Marchionne -- in his role as CEO of Fiat S.p.A., which owns 58.5 percent of Chrysler -- wants to pay as little as possible.
That's the essence of a battle shaping up between the UAW retiree health care trust -- known as the UAW Voluntary Employees' Beneficiary Association -- and Marchionne.
Late last month, Marchionne hardened his position when Fiat filed suit in Delaware asking a judge to set a value of the Chrysler stock held by the VEBA. Fiat wants to exercise an option for 3.3 percent of Chrysler's stock held by the VEBA.
The trust's pool of Chrysler shares accounted for about a third of the fund's assets in 2010. So the value of the stake bears significantly on the financial health of the trust and its ability to meet its long-term obligation to pay the health care bills for 65,000 retirees and their spouses.
Here are the key numbers in the face-off:
3.3: the percentage of Chrysler stock Fiat wishes to purchase from the VEBA. That's a small portion of the 41.5 percent of the Chrysler shares held by the VEBA.

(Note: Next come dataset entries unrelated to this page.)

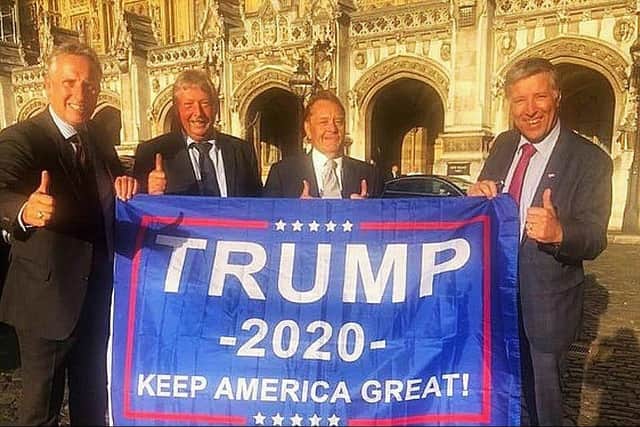 Paul Girvan (right) with fellow Trump backers in 2020
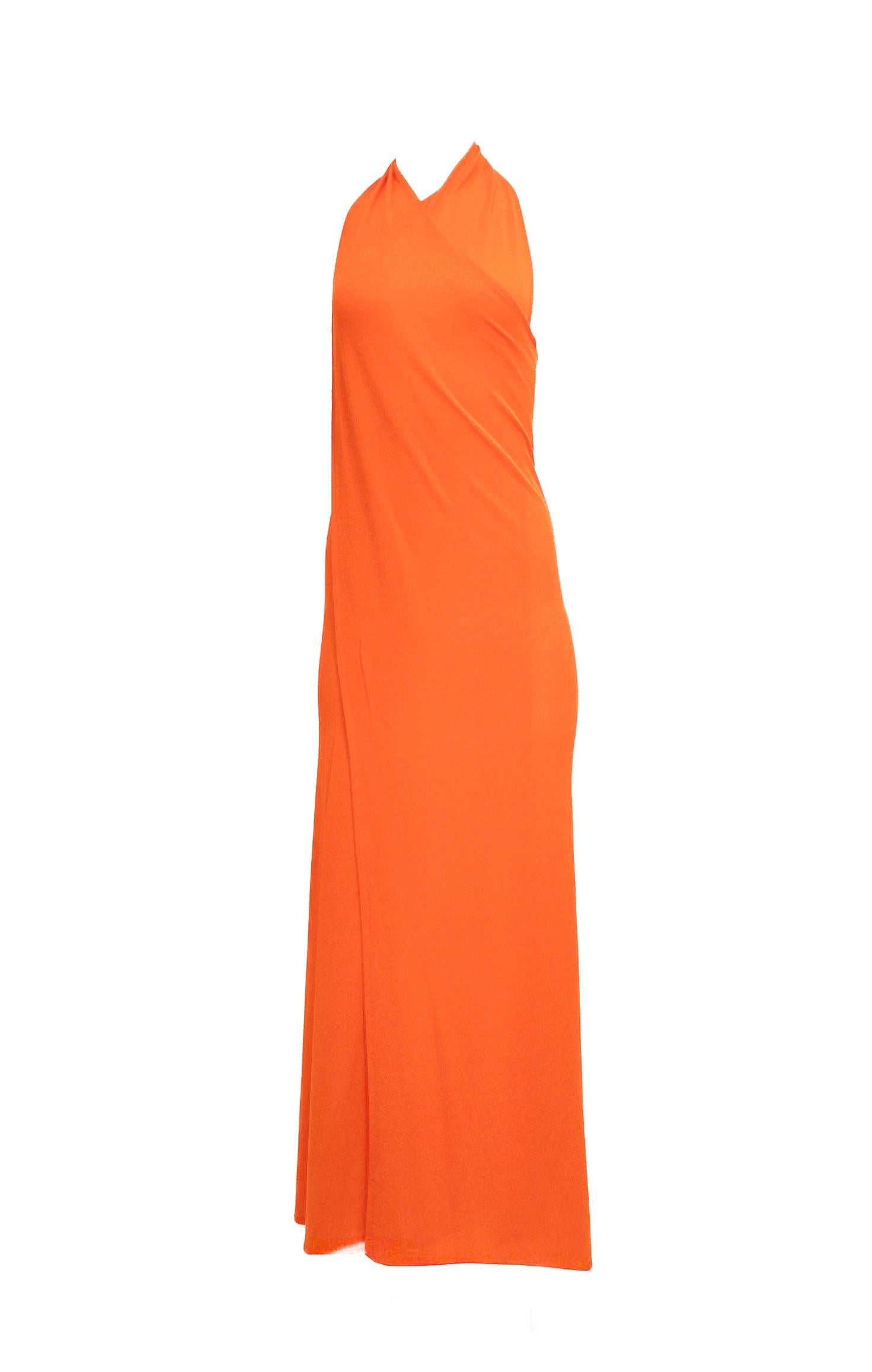 This Vintage 1970s Orange Jersey Wrap Dress features a stretchy fabric that ensures a comfortable, flattering fit. Its bright neon orange hue makes a bold statement, perfect for those who want to stand out from the crowd. The adjustable wrap design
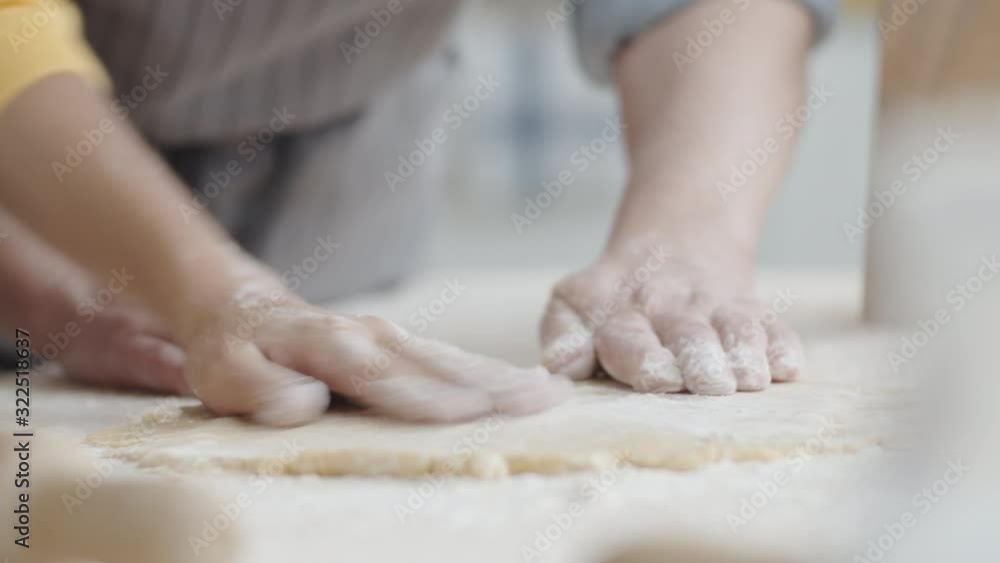 Close up shot of hands of grandmother and little granddaughter sifting flour on pastry dough and rolling it out with wooden pin on table Close up shot of hands of grandmother and little granddaughter sifting flour on pastry dough and rolling it out with wooden pin on table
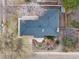 Aerial view of a single-Gathering house shows the roof, yard with mature trees, and surrounding neighborhood at 5743 Field St, Arvada, CO 80002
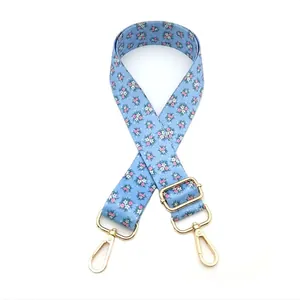 Detail of light blue floral canvas strap with golden lobster clasps and metal slider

$139.7 million: the amount that Fiat wants to pay for the additional shares, which would raise its ownership of Chrysler to 61.8 percent.
$2 billion: The difference between two prices -- the $5 billion maximum value of the VEBA’s entire 41.5 percent stake in Chrysler, according to market sources; and the $3 billion maximum price that the VEBA could get from Fiat under the terms of its original 2009 agreement, according to Marchionne.
Marchionne said Fiat turned to the Delaware court after Fiat and the VEBA were unable to agree on a price for the 3.3 percent stake. He later told reporters that the litigation would not affect Fiat's planned merger with Chrysler, expected in 2014.
A spokesman for the VEBA said the trust "will be making no public statement" and referred any questions to Brock Fiduciary Services, a third-party fiduciary that oversees the VEBA's current 41.5 percent of Chrysler stock.
A spokesman for Brock in New York said the fiduciary would have no comment.
The legal dance between Fiat and the UAW comes on the eve of the trust's opportunity to require Fiat to take Chrysler public by forcing registration of its remaining equity stake, perhaps as early as January.
The 2009 master agreement involving Fiat, the VEBA, and the Canadian and U.S. governments grants the health care trust the right to sell its remaining ownership of Chrysler on the open market beginning in 2013. That means that the VEBA can force Chrysler to go public next year.
While the stock remains unlisted, it can't be sold publicly to pay the bill for benefits and expenses. The plan paid out more than $685 million in benefits and expenses in 2010, the most recent year for which data are available.
The legal dispute between Fiat and the VEBA boils down to money, said analyst Joe Phillippi, of Auto Trend Consulting.
Phillippi said investment bankers counseling Fiat and the VEBA are going to have different opinions on the value of Chrysler, especially considering the automaker's impressive 30-month run of year-over-year sales gains.
Phillippi said: "Clearly, the parties are quite far apart, and it's likely to stay that way for a while."